Taj Mahal Hotel during 2008 attacks
Some thoughts after watching armed guards search our car for bombs.
I started traveling outside North America at the relatively advanced age of 40 with a business trip to Singapore and Hong Kong, which I took entirely alone and graduated quickly to London, Italy, The Netherlands, Paris, Austria, Germany and…well, you get it. Europe was familiar enough to be comfortable, and I visited just about annually or more often.
Asia? Didn’t resonate for me, I have to admit. But the UK, Rome, Paris, Amsterdam? Heart those places.
Our trip to Morocco last year was the most exotic place I’d ever traveled and it was a fantastic experience. I’d always been interested in India, but I had many fears, too. So when I convinced M. that we should go to India, I was really stepping out of my comfort zone. But not too far, because if I like to travel well, M. likes to travel really, really well, so I knew to some extent we’d be in a protective bubble. I’m here, and I still have those fears, even inside the protective embrace of luxury.
You can argue that by traveling in this bubble, we’re not seeing the real India and of course, you’re right.

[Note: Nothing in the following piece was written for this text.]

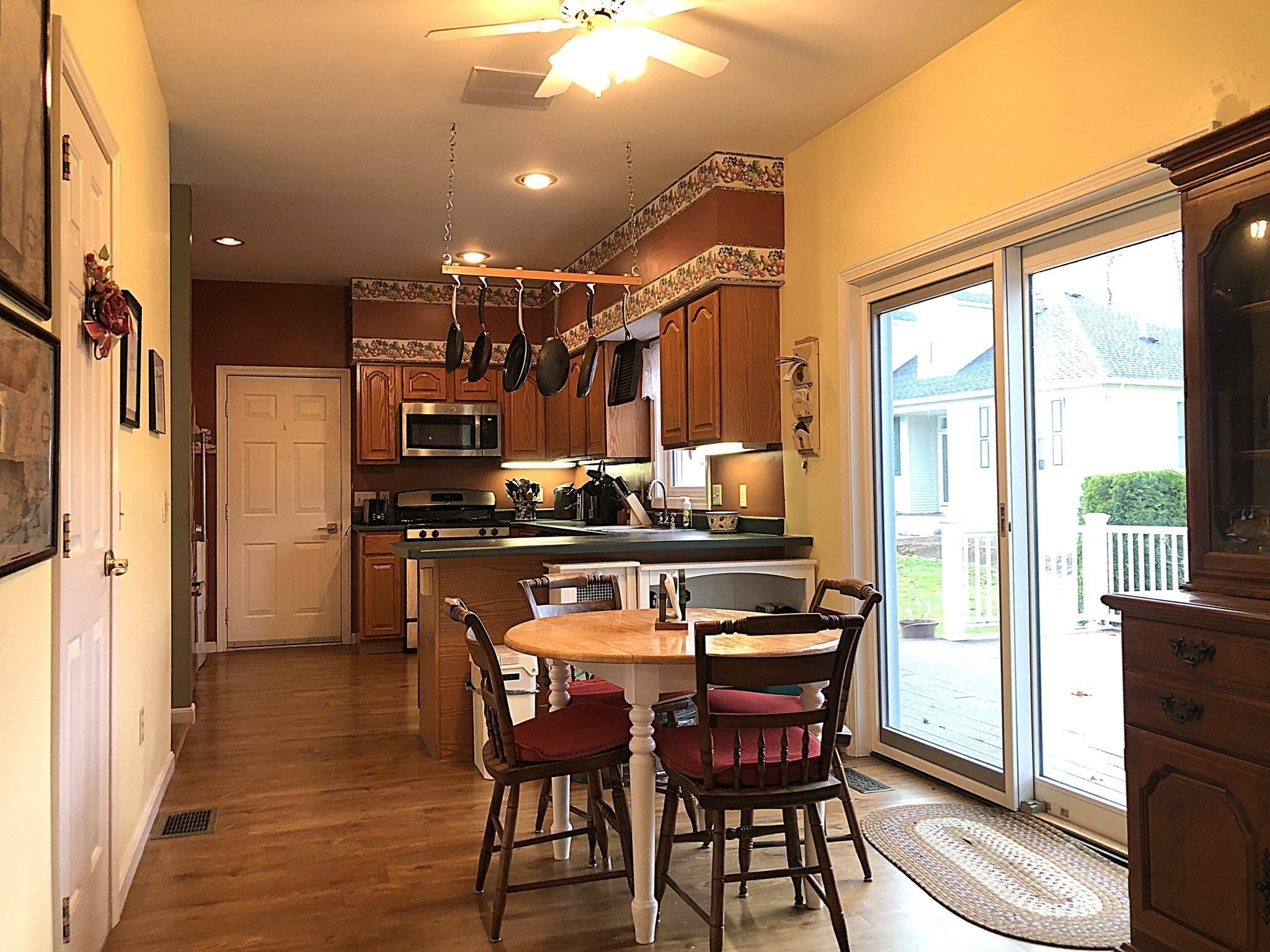 41 Juniper Wood Dr., Haverhill, MA 01832 - Image 22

We’re not seeing all of it, not by a long shot. In my defense I’ll say that, I’m much older now and not as resilient as I was in my youth.
Still, the realities of travel to a Third World country were brought home in a big way when our car pulled up at the Taj Mahal Palace Hotel in Mumbai. There, guards ran mirrors on long handles underneath our car and opened the hood, looking for bombs. As they did, they gave our driver a long, assessing look.
That’s because tourists at this hotel and others were among more than 100 killed in a series of shooting and bombing attacks in November 2008. This is one of the realities of travel in the world today and when I think about it, now it is reality any time.
Because there have always been do-badders and there always will be. That’s the sad fact of life.
Before we could enter our hotel, we and our baggage went through the kind of X-ray scanning airports use. Only then could we check in.
The hotel is beautiful and to me it is labyrinthine. You’d think tourists would be hard for terrorists to find inside. Apparently not.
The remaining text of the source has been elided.